About this exercise:
Print exactly what the entries say, line by line, from the first line down to the one with "St. John Basilica", inclusive.

[Crawled caption data]

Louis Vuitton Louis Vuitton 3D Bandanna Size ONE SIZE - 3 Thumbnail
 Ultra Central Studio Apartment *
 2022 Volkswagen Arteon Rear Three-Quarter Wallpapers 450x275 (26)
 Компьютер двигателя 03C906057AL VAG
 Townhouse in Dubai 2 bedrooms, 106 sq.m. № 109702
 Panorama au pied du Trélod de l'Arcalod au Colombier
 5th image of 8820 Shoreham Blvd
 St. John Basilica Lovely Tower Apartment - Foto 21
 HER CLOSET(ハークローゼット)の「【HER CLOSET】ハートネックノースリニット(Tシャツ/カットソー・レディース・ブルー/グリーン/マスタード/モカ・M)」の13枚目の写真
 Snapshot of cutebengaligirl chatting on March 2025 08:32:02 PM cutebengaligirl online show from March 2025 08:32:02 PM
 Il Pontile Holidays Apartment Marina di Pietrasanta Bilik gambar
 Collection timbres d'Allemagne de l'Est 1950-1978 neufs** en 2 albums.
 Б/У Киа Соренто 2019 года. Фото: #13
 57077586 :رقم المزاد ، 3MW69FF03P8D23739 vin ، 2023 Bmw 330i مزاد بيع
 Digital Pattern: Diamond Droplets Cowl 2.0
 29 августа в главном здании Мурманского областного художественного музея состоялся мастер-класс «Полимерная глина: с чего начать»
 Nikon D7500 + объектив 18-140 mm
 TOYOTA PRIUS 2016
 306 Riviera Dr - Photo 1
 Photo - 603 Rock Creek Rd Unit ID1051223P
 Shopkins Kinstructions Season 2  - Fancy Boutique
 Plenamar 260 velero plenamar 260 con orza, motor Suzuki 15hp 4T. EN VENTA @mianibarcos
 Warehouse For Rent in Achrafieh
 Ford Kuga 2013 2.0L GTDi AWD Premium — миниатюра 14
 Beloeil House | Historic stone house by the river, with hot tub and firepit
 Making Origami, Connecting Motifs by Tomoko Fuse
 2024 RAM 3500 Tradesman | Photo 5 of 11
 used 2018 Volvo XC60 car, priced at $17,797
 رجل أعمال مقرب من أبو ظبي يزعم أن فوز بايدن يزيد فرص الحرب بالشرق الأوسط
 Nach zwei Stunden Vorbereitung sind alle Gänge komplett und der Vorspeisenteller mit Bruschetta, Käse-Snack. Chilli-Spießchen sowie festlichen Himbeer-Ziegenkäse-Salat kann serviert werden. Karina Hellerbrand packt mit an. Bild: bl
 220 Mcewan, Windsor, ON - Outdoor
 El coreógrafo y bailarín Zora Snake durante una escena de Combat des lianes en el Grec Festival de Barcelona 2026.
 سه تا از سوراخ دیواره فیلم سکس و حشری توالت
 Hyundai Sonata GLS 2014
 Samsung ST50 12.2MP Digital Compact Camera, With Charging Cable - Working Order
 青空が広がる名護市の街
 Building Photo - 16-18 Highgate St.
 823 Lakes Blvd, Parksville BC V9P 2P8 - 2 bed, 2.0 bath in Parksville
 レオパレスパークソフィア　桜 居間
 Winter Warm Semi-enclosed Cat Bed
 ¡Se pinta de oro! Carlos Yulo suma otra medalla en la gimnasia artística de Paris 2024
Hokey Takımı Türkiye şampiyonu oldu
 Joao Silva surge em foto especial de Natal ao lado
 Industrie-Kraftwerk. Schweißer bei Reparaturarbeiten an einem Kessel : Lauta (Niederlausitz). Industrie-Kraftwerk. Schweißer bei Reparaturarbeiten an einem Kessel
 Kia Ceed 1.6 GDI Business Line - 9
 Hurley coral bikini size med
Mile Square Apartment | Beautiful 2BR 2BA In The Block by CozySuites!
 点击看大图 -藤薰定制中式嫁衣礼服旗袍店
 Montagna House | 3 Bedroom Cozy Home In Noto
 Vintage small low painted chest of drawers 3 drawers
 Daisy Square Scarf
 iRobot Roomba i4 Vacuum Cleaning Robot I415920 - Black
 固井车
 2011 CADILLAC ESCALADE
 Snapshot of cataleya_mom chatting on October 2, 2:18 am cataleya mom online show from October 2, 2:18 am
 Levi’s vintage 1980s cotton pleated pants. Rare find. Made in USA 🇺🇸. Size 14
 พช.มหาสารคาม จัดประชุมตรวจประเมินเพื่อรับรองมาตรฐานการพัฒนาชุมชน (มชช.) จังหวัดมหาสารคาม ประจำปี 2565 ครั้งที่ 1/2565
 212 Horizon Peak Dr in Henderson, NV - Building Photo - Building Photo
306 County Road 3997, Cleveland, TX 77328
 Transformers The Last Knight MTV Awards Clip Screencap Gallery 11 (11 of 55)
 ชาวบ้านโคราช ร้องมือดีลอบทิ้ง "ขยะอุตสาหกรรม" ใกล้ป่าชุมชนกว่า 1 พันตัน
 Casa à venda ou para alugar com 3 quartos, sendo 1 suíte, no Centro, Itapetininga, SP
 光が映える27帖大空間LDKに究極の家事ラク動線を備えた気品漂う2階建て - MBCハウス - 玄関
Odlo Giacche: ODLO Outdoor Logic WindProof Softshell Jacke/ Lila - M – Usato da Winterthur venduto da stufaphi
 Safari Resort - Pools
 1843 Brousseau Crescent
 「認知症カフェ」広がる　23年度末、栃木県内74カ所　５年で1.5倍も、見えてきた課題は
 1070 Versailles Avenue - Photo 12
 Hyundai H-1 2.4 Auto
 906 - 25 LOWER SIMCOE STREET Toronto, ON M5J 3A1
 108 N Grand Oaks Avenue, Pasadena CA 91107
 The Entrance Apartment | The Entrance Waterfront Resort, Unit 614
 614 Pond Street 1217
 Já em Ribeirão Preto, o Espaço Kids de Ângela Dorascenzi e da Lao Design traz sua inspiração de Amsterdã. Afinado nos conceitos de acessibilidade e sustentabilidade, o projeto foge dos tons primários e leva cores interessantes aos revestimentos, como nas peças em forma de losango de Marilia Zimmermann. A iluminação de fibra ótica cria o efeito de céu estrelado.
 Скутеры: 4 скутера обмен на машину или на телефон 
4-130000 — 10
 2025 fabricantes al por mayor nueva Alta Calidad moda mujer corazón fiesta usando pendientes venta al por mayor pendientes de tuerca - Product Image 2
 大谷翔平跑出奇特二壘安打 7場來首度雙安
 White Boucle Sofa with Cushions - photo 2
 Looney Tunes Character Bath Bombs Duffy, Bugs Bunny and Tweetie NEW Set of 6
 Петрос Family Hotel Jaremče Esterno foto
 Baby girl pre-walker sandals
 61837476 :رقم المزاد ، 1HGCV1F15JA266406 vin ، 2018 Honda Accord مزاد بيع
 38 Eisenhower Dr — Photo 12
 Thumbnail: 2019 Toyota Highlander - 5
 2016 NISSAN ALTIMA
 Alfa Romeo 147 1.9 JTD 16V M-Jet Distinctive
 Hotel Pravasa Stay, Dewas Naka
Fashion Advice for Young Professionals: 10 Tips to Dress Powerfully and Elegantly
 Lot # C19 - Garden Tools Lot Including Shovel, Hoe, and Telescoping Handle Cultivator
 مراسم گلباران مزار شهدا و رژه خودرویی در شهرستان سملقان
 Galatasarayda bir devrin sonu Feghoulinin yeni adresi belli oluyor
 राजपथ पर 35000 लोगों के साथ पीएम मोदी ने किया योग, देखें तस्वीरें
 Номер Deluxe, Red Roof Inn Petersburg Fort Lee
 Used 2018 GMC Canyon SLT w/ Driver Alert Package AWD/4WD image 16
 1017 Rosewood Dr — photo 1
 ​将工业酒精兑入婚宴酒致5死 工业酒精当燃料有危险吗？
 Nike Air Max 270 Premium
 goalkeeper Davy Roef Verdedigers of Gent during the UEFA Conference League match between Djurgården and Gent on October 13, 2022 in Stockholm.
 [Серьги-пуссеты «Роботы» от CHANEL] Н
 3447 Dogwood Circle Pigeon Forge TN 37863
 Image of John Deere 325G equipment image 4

Response area:
Louis Vuitton Louis Vuitton 3D Bandanna Size ONE SIZE - 3 Thumbnail
 Ultra Central Studio Apartment *
 2022 Volkswagen Arteon Rear Three-Quarter Wallpapers 450x275 (26)
 Компьютер двигателя 03C906057AL VAG
 Townhouse in Dubai 2 bedrooms, 106 sq.m. № 109702
 Panorama au pied du Trélod de l'Arcalod au Colombier
 5th image of 8820 Shoreham Blvd
 St. John Basilica Lovely Tower Apartment - Foto 21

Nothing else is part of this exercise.